*WHAT NEEDS TO BE DONE:* The answer should consist of each line below that contains the word "Spigen".

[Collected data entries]
================================

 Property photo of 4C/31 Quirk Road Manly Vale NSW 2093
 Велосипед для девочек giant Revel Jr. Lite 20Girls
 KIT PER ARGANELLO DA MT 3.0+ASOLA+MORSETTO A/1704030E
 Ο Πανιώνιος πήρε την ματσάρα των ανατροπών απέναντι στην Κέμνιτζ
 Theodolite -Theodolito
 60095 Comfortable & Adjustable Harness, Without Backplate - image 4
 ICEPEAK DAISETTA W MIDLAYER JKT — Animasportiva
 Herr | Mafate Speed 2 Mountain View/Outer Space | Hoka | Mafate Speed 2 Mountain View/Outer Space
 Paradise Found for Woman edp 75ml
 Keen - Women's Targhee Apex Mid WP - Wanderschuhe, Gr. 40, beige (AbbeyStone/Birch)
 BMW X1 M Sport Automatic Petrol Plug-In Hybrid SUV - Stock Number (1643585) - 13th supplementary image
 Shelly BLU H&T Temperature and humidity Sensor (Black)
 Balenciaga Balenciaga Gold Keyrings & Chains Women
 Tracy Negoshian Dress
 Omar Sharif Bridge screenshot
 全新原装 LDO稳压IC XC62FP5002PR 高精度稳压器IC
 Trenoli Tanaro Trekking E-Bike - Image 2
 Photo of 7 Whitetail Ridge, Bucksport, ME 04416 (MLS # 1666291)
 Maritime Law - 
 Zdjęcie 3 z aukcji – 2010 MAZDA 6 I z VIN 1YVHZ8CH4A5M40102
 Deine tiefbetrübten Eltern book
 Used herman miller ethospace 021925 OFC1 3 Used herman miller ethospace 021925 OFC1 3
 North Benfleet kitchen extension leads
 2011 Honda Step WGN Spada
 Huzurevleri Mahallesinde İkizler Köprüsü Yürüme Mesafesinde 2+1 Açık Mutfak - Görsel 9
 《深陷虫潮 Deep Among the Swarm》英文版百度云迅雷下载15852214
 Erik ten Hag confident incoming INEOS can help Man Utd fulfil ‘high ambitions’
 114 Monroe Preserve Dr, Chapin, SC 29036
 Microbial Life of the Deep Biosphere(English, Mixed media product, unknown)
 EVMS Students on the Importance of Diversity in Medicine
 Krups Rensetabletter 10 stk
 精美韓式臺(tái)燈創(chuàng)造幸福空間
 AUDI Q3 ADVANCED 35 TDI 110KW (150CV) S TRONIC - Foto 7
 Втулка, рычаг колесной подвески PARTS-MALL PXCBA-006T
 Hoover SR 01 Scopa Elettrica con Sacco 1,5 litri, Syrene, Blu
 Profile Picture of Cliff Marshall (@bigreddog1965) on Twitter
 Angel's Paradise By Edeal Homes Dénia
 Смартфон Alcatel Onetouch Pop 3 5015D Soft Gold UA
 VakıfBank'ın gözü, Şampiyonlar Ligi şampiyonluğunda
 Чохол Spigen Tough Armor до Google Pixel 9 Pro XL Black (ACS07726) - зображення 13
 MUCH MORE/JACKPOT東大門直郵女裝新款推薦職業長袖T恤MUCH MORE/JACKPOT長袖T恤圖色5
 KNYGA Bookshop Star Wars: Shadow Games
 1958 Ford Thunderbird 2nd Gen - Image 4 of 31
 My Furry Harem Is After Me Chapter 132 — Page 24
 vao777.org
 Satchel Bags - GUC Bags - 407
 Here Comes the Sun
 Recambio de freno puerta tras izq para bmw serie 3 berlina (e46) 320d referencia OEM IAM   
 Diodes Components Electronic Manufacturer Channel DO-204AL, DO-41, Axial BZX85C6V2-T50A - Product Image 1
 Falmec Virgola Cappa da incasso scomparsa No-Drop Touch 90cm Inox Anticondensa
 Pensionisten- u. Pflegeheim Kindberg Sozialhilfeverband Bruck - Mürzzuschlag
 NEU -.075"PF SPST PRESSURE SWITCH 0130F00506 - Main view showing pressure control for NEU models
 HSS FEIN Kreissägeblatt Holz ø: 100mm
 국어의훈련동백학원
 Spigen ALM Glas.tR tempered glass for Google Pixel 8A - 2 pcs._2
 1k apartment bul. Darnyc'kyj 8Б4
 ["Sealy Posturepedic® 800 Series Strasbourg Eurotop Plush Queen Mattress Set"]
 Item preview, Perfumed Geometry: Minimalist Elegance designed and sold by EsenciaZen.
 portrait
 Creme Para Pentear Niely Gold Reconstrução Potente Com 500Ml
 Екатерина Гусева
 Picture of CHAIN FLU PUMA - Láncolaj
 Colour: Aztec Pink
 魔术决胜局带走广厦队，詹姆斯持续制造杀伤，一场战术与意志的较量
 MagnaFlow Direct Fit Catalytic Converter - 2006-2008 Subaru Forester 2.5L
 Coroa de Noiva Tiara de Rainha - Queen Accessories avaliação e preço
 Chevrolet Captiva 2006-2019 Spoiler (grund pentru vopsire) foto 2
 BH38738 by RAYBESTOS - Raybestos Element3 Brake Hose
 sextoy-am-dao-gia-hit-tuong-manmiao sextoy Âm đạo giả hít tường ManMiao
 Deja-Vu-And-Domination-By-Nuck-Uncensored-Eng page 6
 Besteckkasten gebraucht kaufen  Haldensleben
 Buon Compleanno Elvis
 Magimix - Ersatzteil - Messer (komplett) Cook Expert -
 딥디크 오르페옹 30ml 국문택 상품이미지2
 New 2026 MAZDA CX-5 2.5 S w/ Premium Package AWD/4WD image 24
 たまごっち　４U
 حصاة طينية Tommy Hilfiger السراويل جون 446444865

================================

*ANSWER SPACE:*
 Чохол Spigen Tough Armor до Google Pixel 9 Pro XL Black (ACS07726) - зображення 13
 Spigen ALM Glas.tR tempered glass for Google Pixel 8A - 2 pcs._2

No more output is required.